Metamath Proof Explorer


Theorem fsumsplitf

Description: Split a sum into two parts. A version of fsumsplit using bound-variable hypotheses instead of distinct variable conditions. (Contributed by Glauco Siliprandi, 5-Apr-2020)

Ref Expression
Hypotheses fsumsplitf.ph
|- F/ k ph
fsumsplitf.ab
|- ( ph -> ( A i^i B ) = (/) )
fsumsplitf.u
|- ( ph -> U = ( A u.
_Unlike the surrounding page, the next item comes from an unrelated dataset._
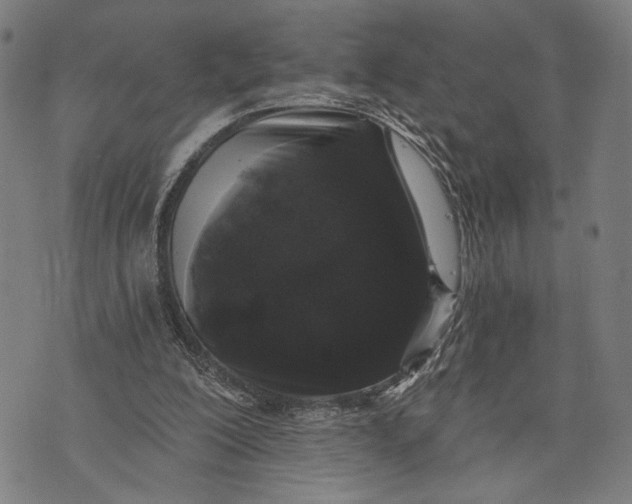 X0000071770200200607211540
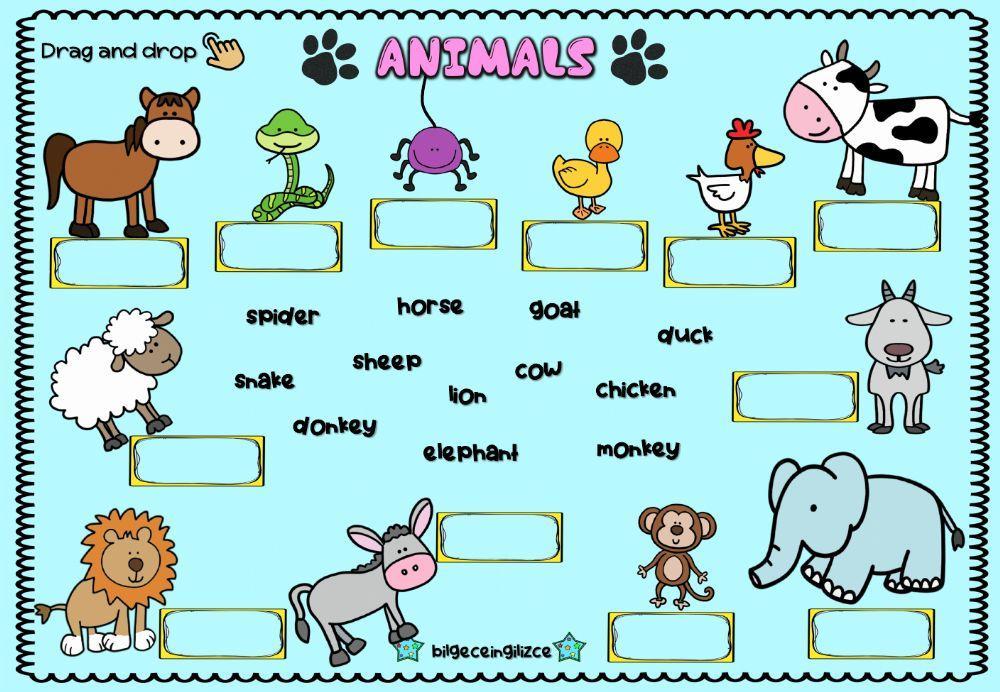Animals (Drag-drop)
B ) )
fsumsplitf.fi
|- ( ph -> U e. Fin )
fsumsplitf.c
|- ( ( ph /\ k e. U ) -> C e. CC )
Assertion fsumsplitf
|- ( ph -> sum_ k e. U C = ( sum_ k e. A C + sum_ k e. B C ) )

Proof

Step Hyp Ref Expression
1 fsumsplitf.ph
 |-  F/ k ph
2 fsumsplitf.ab
 |-  ( ph -> ( A i^i B ) = (/) )
3 fsumsplitf.u
 |-  ( ph -> U = ( A u. B ) )
4 fsumsplitf.fi
 |-  ( ph -> U e. Fin )
5 fsumsplitf.c
 |-  ( ( ph /\ k e. U ) -> C e. CC )
6 nfcv
 |-  F/_ j C
7 nfcsb1v
 |-  F/_ k [_ j / k ]_ C
8 csbeq1a
 |-  ( k = j -> C = [_ j / k ]_ C )
9 6 7 8 cbvsumi
 |-  sum_ k e. U C = sum_ j e. U [_ j / k ]_ C
10 9 a1i
 |-  ( ph -> sum_ k e. U C = sum_ j e. U [_ j / k ]_ C )
11 nfv
 |-  F/ k j e. U
12 1 11 nfan
 |-  F/ k ( ph /\ j e. U )
13 7 nfel1
 |-  F/ k [_ j / k ]_ C e. CC
14 12 13 nfim
 |-  F/ k ( ( ph /\ j e. U ) -> [_ j / k ]_ C e. CC )
15 eleq1w
 |-  ( k = j -> ( k e. U <-> j e. U ) )
16 15 anbi2d
 |-  ( k = j -> ( ( ph /\ k e. U ) <-> ( ph /\ j e. U ) ) )
17 8 eleq1d
 |-  ( k = j -> ( C e. CC <-> [_ j / k ]_ C e. CC ) )
18 16 17 imbi12d
 |-  ( k = j -> ( ( ( ph /\ k e. U ) -> C e. CC ) <-> ( ( ph /\ j e. U ) -> [_ j / k ]_ C e. CC ) ) )
19 14 18 5 chvarfv
 |-  ( ( ph /\ j e. U ) -> [_ j / k ]_ C e. CC )
20 2 3 4 19 fsumsplit
 |-  ( ph -> sum_ j e. U [_ j / k ]_ C = ( sum_ j e. A [_ j / k ]_ C + sum_ j e. B [_ j / k ]_ C ) )
21 csbeq1a
 |-  ( j = k -> [_ j / k ]_ C = [_ k / j ]_ [_ j / k ]_ C )
22 csbcow
 |-  [_ k / j ]_ [_ j / k ]_ C = [_ k / k ]_ C
23 csbid
 |-  [_ k / k ]_ C = C
24 22 23 eqtri
 |-  [_ k / j ]_ [_ j / k ]_ C = C
25 21 24 eqtrdi
 |-  ( j = k -> [_ j / k ]_ C = C )
26 7 6 25 cbvsumi
 |-  sum_ j e. A [_ j / k ]_ C = sum_ k e. A C
27 7 6 25 cbvsumi
 |-  sum_ j e. B [_ j / k ]_ C = sum_ k e. B C
28 26 27 oveq12i
 |-  ( sum_ j e. A [_ j / k ]_ C + sum_ j e. B [_ j / k ]_ C ) = ( sum_ k e. A C + sum_ k e. B C )
29 28 a1i
 |-  ( ph -> ( sum_ j e. A [_ j / k ]_ C + sum_ j e. B [_ j / k ]_ C ) = ( sum_ k e. A C + sum_ k e. B C ) )
30 10 20 29 3eqtrd
 |-  ( ph -> sum_ k e. U C = ( sum_ k e. A C + sum_ k e. B C ) )